14. The applicant has asked the following questions seeking Advance Ruling on the same:

(1) Whether the activity undertaken by the applicant is covered by Entry No.7 in Schedule 3 of the CGST Act, 2017?

(2) Whether the applicant is liable to pay IGST on out and out transactions taking place beyond the Customs frontiers of India?

DISCUSSION & FINDINGS:

15. We have considered the submissions made by the applicant in their application for advance ruling as well as the arguments/discussions made by their representative Shri Amal P. Dave at the time of personal hearing. We have also considered the issues involved on which Advance Ruling is sought by the applicant.

16. At the outset, we would like to state that the provisions of both the Central Goods and Services Tax Act, 2017 and the Gujarat Goods and Services Tax Act, 2017 are the same except for certain provisions. Therefore, unless a mention is specifically made to such dissimilar provisions, a reference to the CGST Act would also mean a reference to similar provisions of the GGST Act.
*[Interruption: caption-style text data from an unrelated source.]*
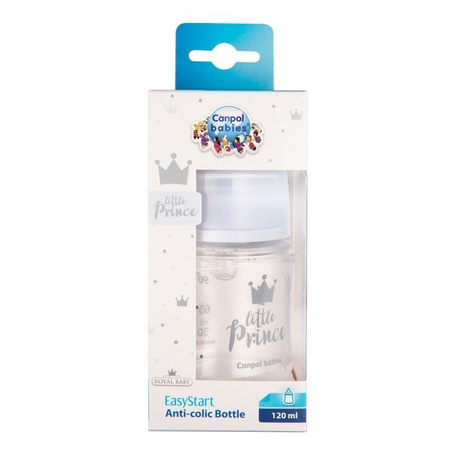 Canpol Butelka szeroka antykolkowa 120ml Royal Baby niebieska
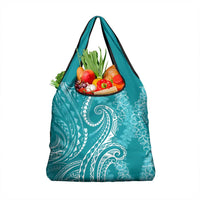 Polynesia Plumeria Lei Grocery Bag Teal Curves Motif LT7 1-pack One Size Teal - Polynesian Pride
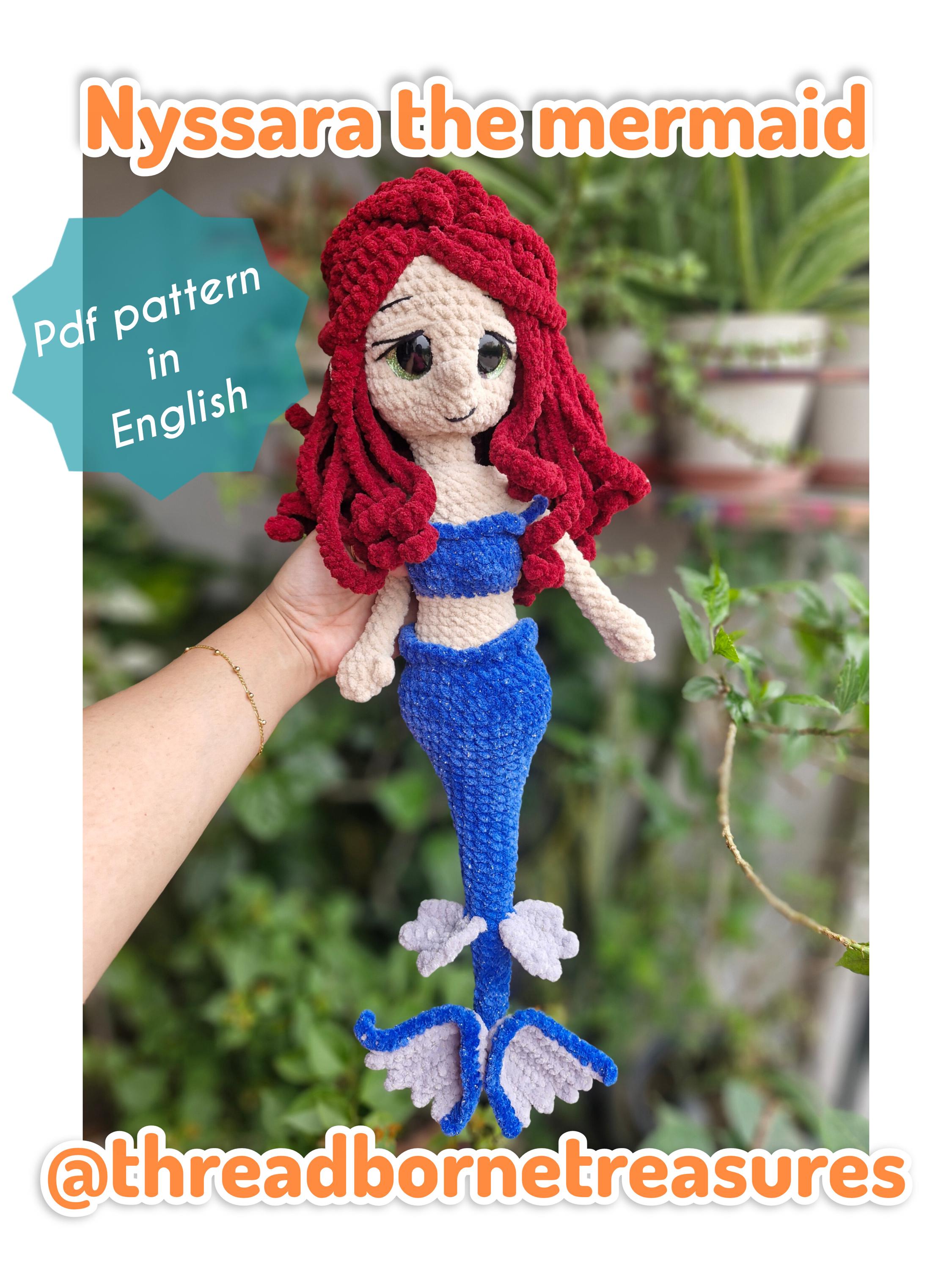 30 Mermaid Crochet Patterns: Amigurumi Dolls, Pocket Mermaids, and Creative Sea-Inspired... 11 Nyssara the Mermaid Crochet Pattern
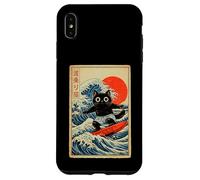 Ukiyo Japan Kanji Funny Cat Surfing Great Wave Of Kanagawa Case for iPhone XS Max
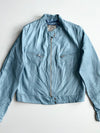 Mulligans Ireland Baby Blue Leather Café Racer Jacket women’s – Made in Italy(XS)
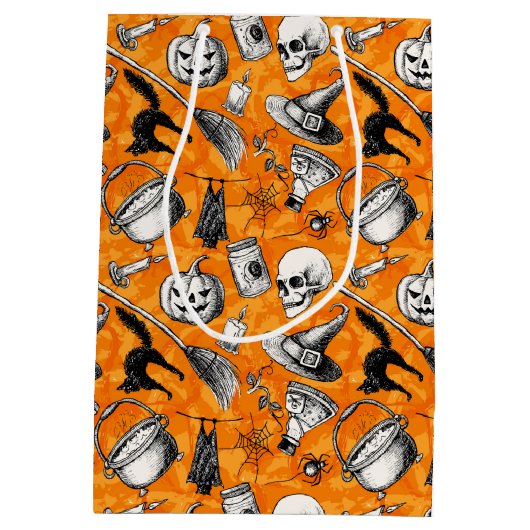 ハロウィンのヴィンテージのトリックまたは御馳走バッグ ミディアムペーパーバッグ (裏面)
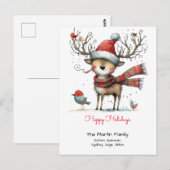 Carte Postale Rennes fantaisistes avec un chapeau de Père Noël J (Devant / Derrière)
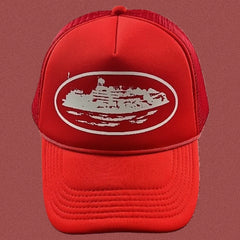 Corteiz Bold White Oval Ship Logo Trucker Hat - Red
However, looking to the present application submitted by the applicant and the issue in hand, we will also be required to make references to the IGST Act, 2017, the Customs Tariff Act, 1975 as well as the Customs Act, 1962.

17. As per the submission of the applicant, the present application is in respect of trading by the applicant in foreign countries which is carried out as follows:

(i) The applicant’s parent company located in Poland is engaged in shipping goods such as spare parts of dairy machinery to recipient customer company namely M/s. BRAC Dairy and Food Product located in Bangladesh.

(ii) A purchase order is received by the applicant from the aforementioned customer of Bangladesh specifying therein their requirements in terms of the components, parts etc., and quantity required.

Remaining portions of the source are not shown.